What are the benefits from Mutual Funds?

Posted on: 24/Jul/2017 3:05:22 PM
Mutual Funds are the sources to solve multiple money requirements – such as any emergency expenditure, post-retirement income, etc.

Though there many avenues for investment like the stock market, mutual funds play a prominent role among the investment avenues. The investor can choose the optimum mutual fund plan according to their financial conditions and invest and earn good benefits.

Mutual Funds help earn the benefits from the stock market without directly indulging in the same, There are many types of mutual funds. These include equity funds, debt funds, liquid fund, and balanced funds.

According to the experts in the field, the investor, after considering his/her financial status, can select the optimum type of mutual fund and earn the benefits. In fact, the selection of the optimum mutual fund investment can answer as the source of multiple requirements mentioned at the start.

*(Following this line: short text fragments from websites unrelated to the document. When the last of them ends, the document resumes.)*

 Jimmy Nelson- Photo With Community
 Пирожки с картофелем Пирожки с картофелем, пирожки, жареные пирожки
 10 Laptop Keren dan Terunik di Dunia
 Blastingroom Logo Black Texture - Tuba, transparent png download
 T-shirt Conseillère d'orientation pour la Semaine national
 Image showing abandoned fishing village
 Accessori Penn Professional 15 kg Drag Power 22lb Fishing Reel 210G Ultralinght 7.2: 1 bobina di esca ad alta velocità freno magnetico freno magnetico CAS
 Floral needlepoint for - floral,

Systematic Investment Plan, known as SIP, is an excellent avenue as a regular investment opening. They can yield excellent benefits in the long-term. They provide an excellent avenue when encountering needs for any emergency expenditure. It is really worthwhile to create an avenue as an emergency fund. For this, liquid mutual funds are ideal. By investing a fixed amount every month, an individual can create a handy emergency fund in a few years. This will definitely serve handily during the emergencies.

The Liquid fund scheme is better than a savings account in the bank in certain aspects. Money can be withdrawn whenever required. Investments like this are highly recommended as and when the individual needs the advance while buying a new house/flat, One can calculate the advance required for buying the house/flat after taking into account the amount applied as housing loan and the select a suitable fund to make monthly investments. This would come in handy as an advance while buying a house/flat.

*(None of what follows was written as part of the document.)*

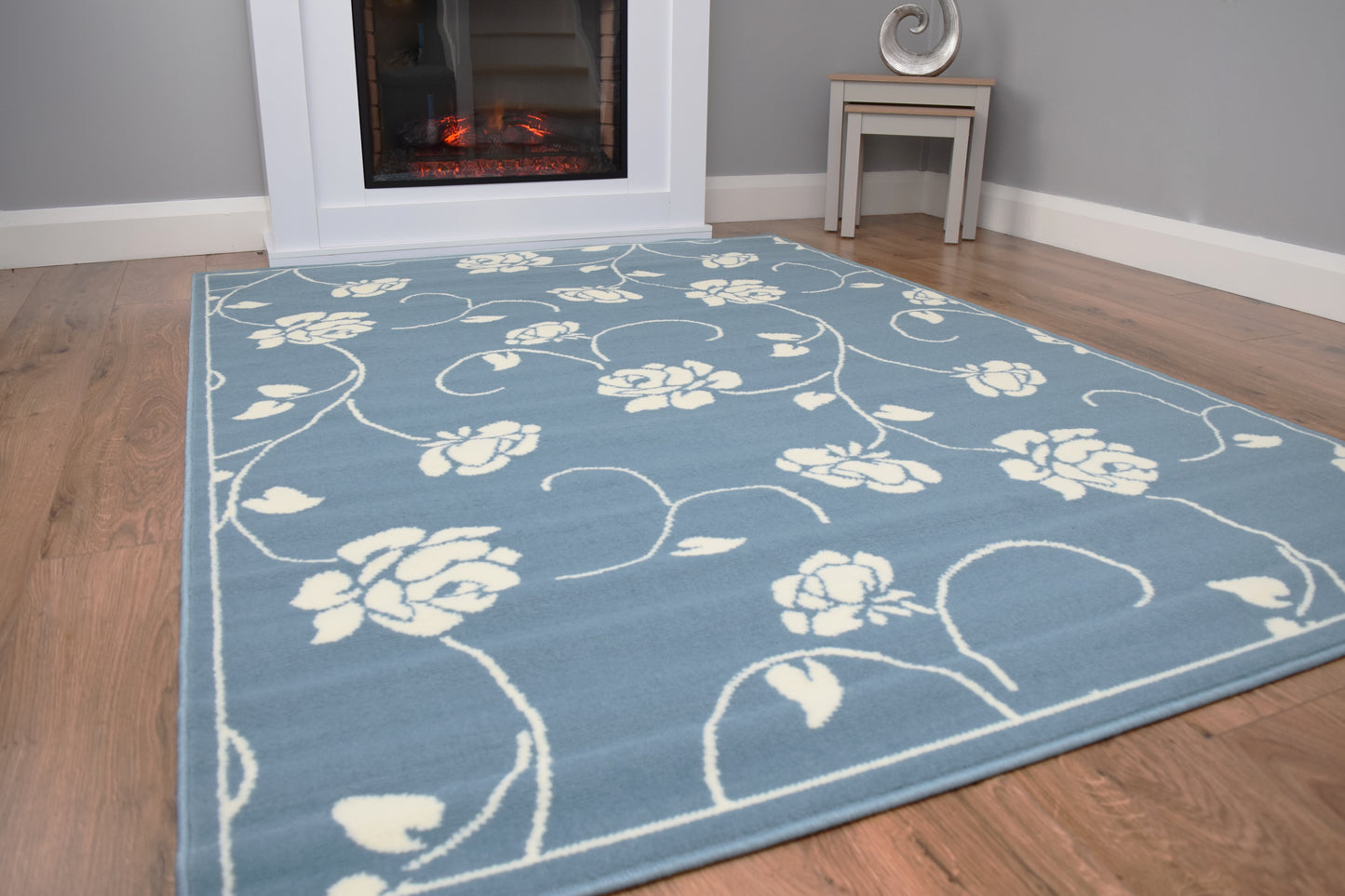 Luna Rug & Runner - Roses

Most individuals resort to utilise the Provident Fund Savings for this purpose. However, the experts in this field advise totally against this.

Bonus payments – Most of us tend to spend the bonus money received on unnecessary things/avenues – on the other hand, it is far better to invest this annual bonus in investment such as liquid fund. Actually, rather than investing this amount PF, it is better to invest in Debt Fund. This can also help reduce the Income Tax. It is worth noting that while investing PF, it would attract Income Tax according to the IT limits of the individual.

Mutual Funds can also be utilised when the individual has set some personal targets on the finance aspect. These may include higher education of children, or even planning a visit abroad. How to save for these target expenses? One has to select the optimum SIP (Systematic Investment Plan) and invest a fixed amount every month, As it matures, it will serve handily to meet the above expense targets.

Even those whore pensioners can invest in SWP – Systematic Withdrawal Plans. SWP is exactly the reverse of SIP. In this, one can invest a large amount and withdraw the specific monthly amount. Though equity funds are also available, it is safer to approach debt-based funds.